### What needs to be done
Below, locate the line that contains "Abstract Canyon Wood". Repeat exactly from that line to the line that contains "Wife Necklace Coquette", inclusive, leaving out the pictures.

### Data supplied
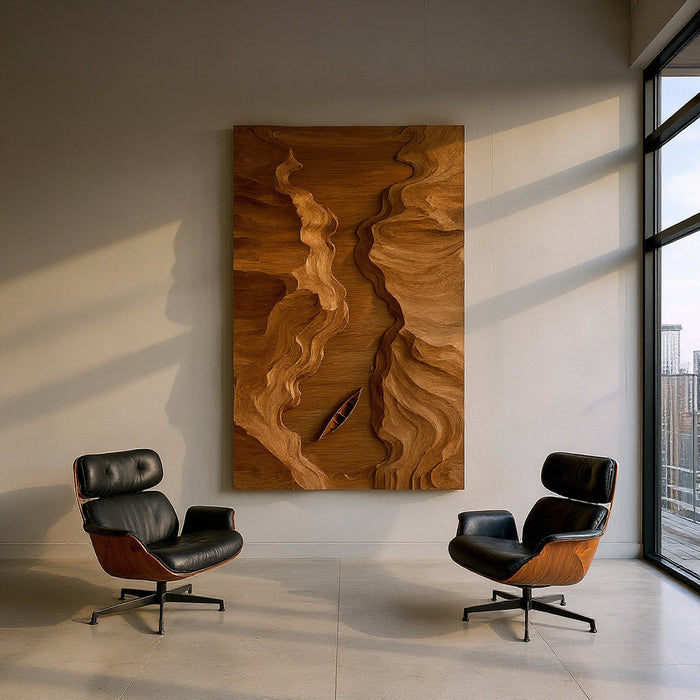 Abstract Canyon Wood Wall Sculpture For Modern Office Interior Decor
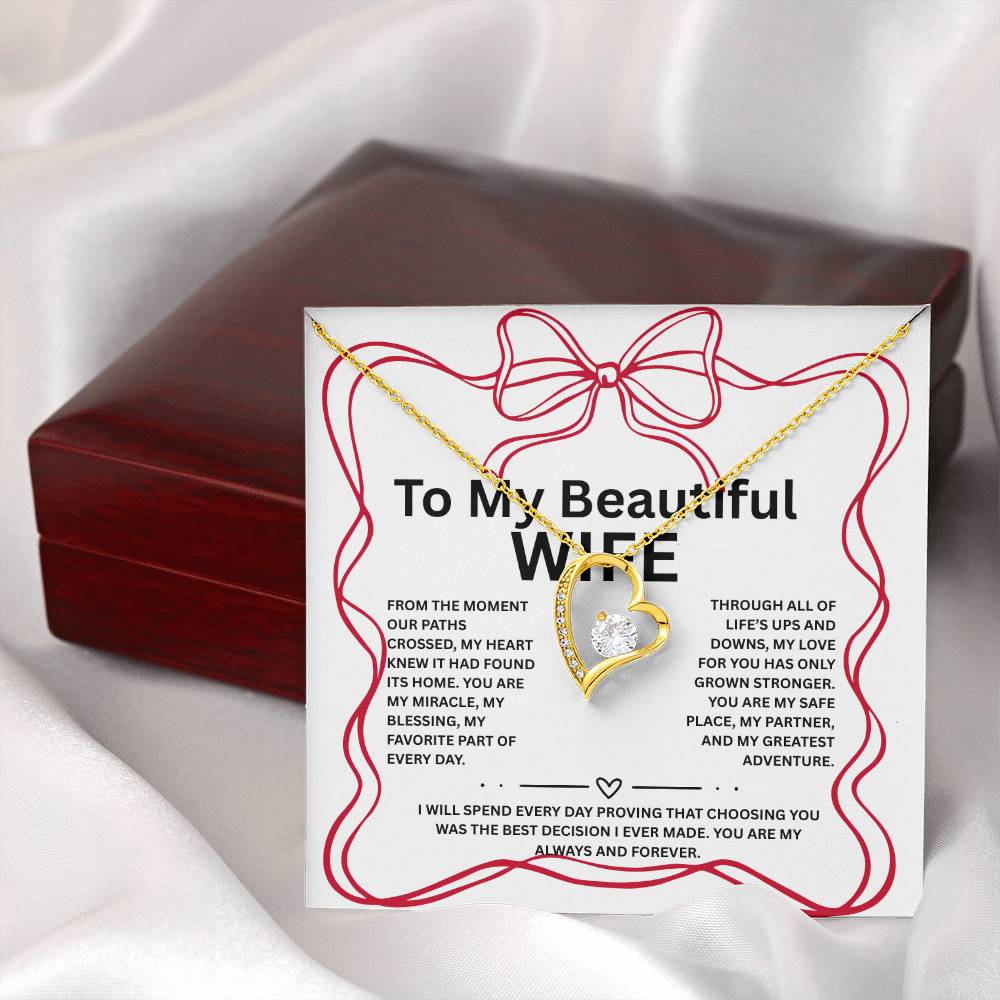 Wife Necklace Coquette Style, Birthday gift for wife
--
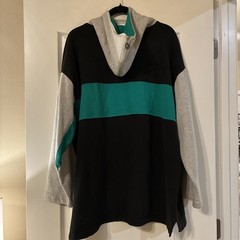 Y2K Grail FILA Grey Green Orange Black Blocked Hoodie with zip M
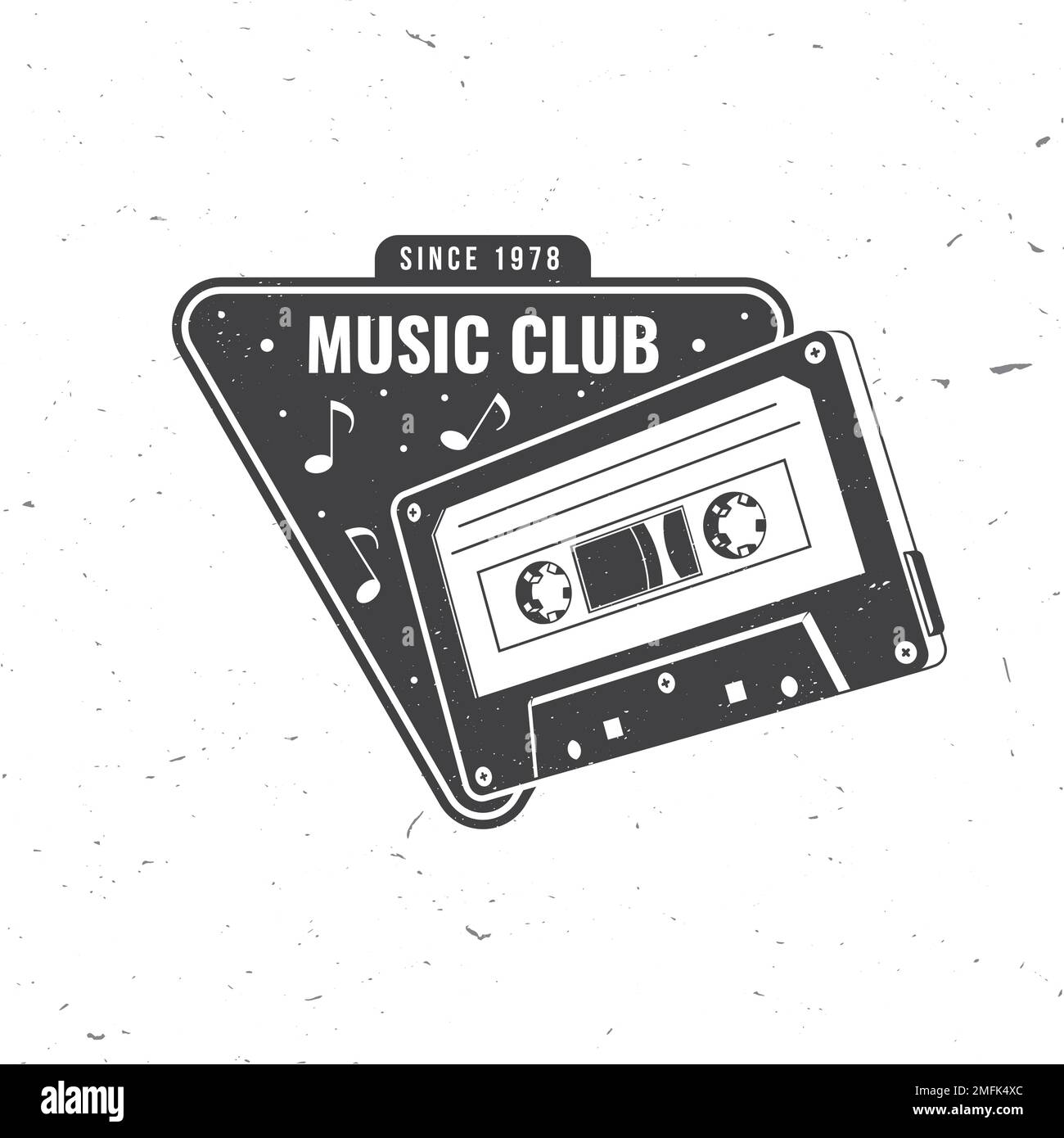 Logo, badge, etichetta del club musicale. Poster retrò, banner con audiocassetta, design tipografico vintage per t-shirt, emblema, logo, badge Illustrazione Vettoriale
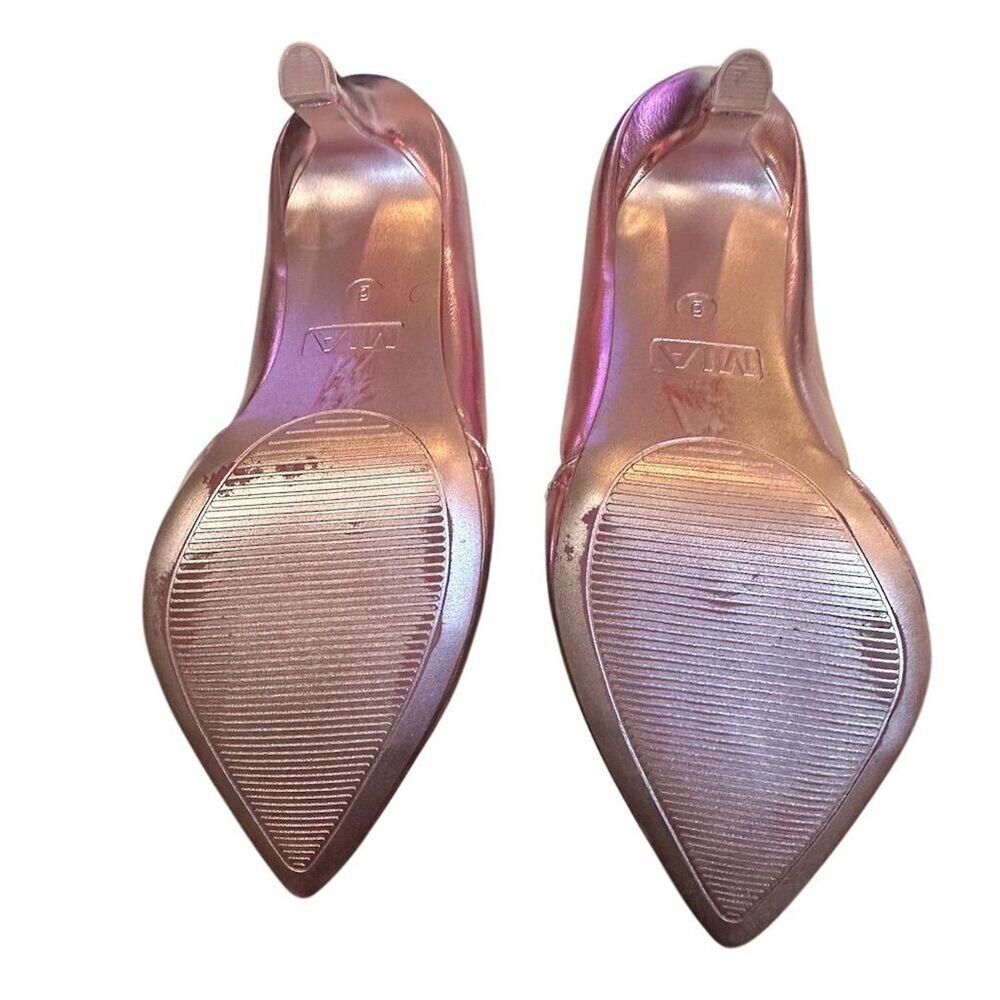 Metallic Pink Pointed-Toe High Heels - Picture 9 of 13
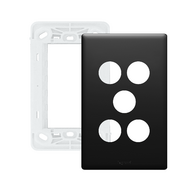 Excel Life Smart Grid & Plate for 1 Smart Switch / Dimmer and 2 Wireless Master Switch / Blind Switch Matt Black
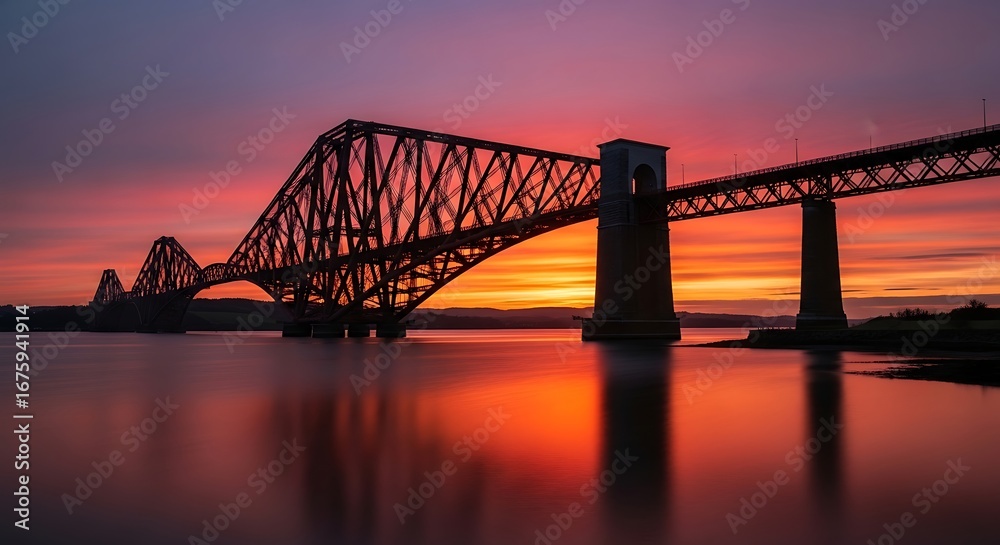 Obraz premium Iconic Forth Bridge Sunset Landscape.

### Response to the exercise
 Abstract Canyon Wood Wall Sculpture For Modern Office Interior Decor
 Wife Necklace Coquette Style, Birthday gift for wife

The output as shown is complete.